EXERCISE: Every line of the material is to be quoted verbatim, minus the pictures.

DATA EXTRACT:
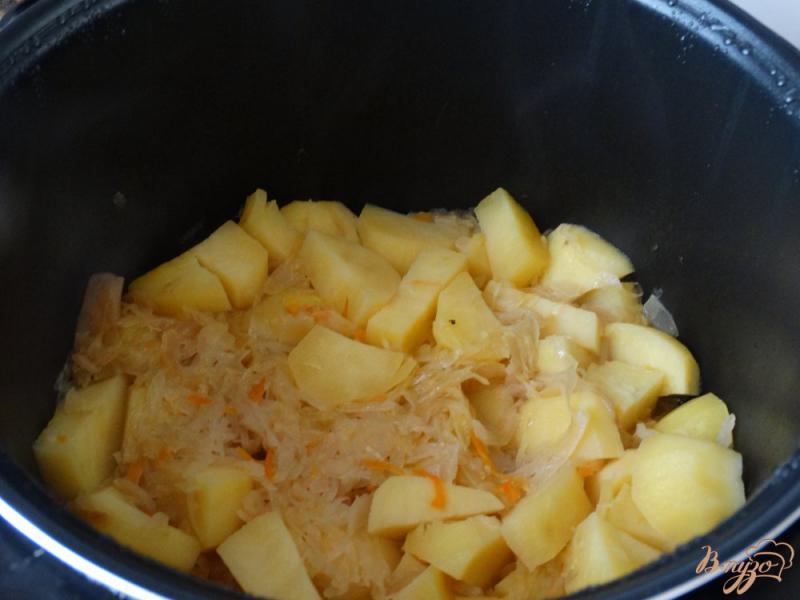 Фото приготовление рецепта: Рагу из картофеля и квашеной капусты шаг №4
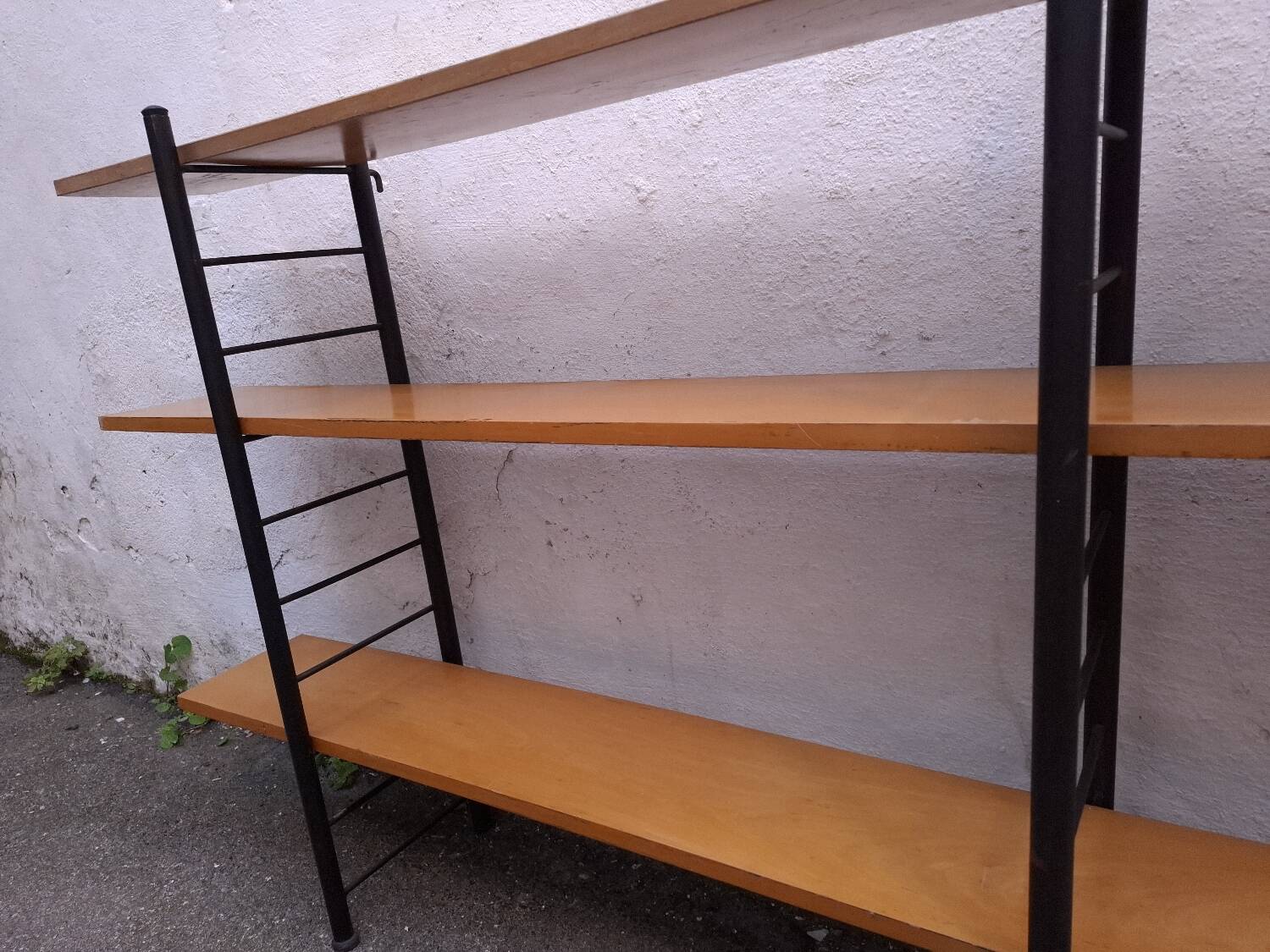 1960s Shelves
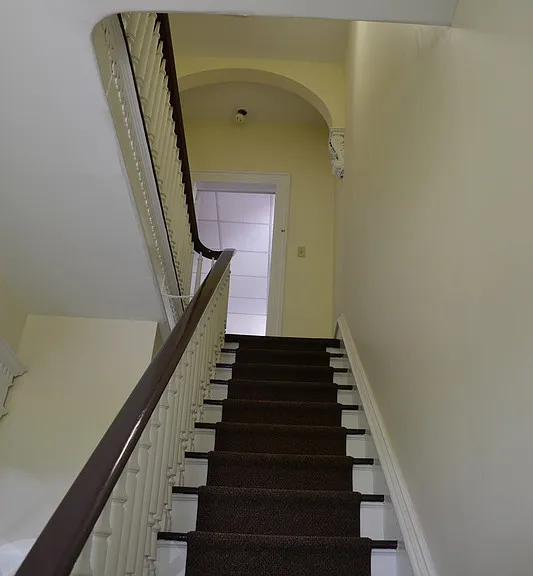 522 W 3rd St #1W — Photo 10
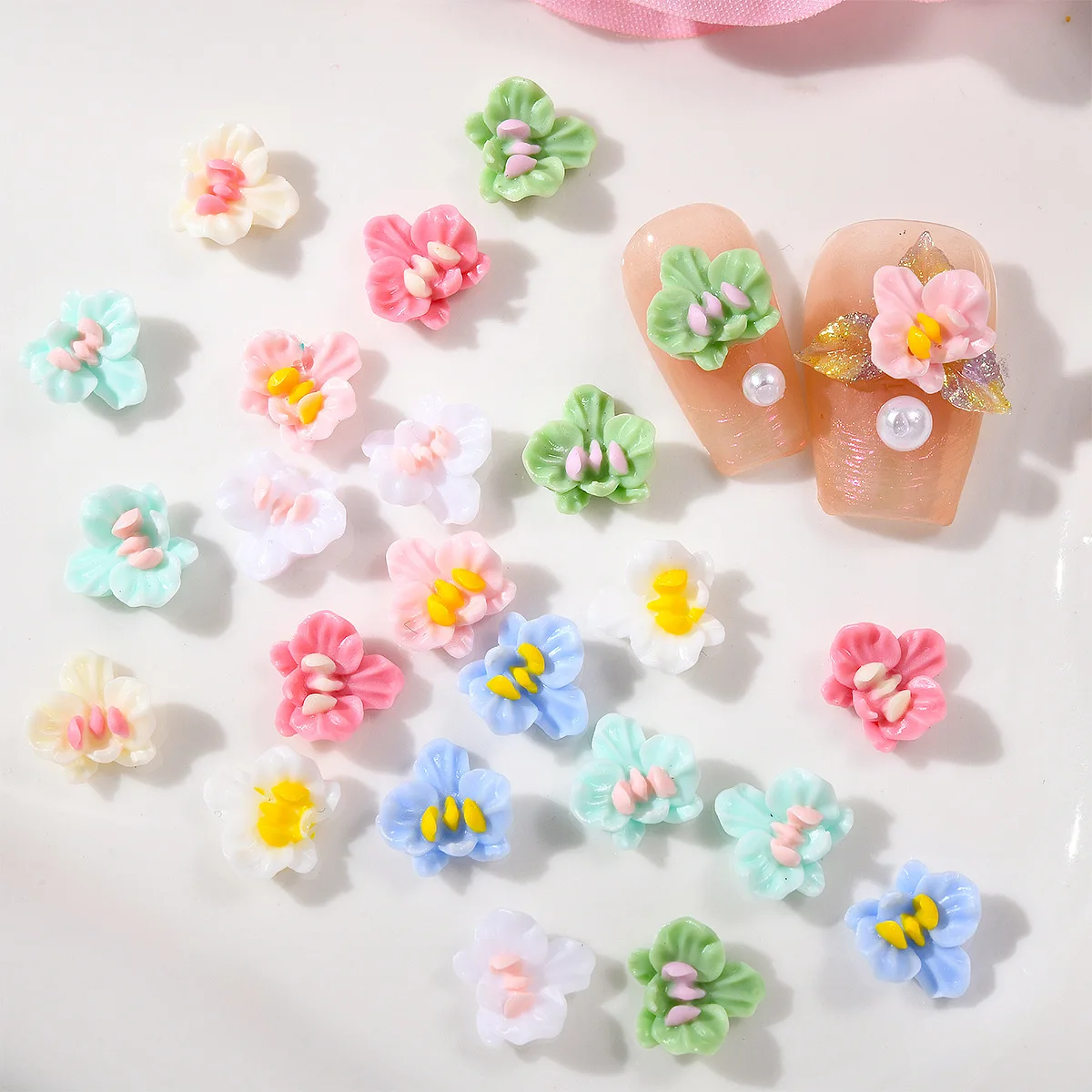 50 stücke Harz Leuchtende Bunte Blume Form Nail art Schmuck Haarnadel Ohrringe Handy Fall Material Diy Dekoration Zubehör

SOLUTION FOR THIS EXERCISE:
 Фото приготовление рецепта: Рагу из картофеля и квашеной капусты шаг №4
 1960s Shelves
 522 W 3rd St #1W — Photo 10
 50 stücke Harz Leuchtende Bunte Blume Form Nail art Schmuck Haarnadel Ohrringe Handy Fall Material Diy Dekoration Zubehör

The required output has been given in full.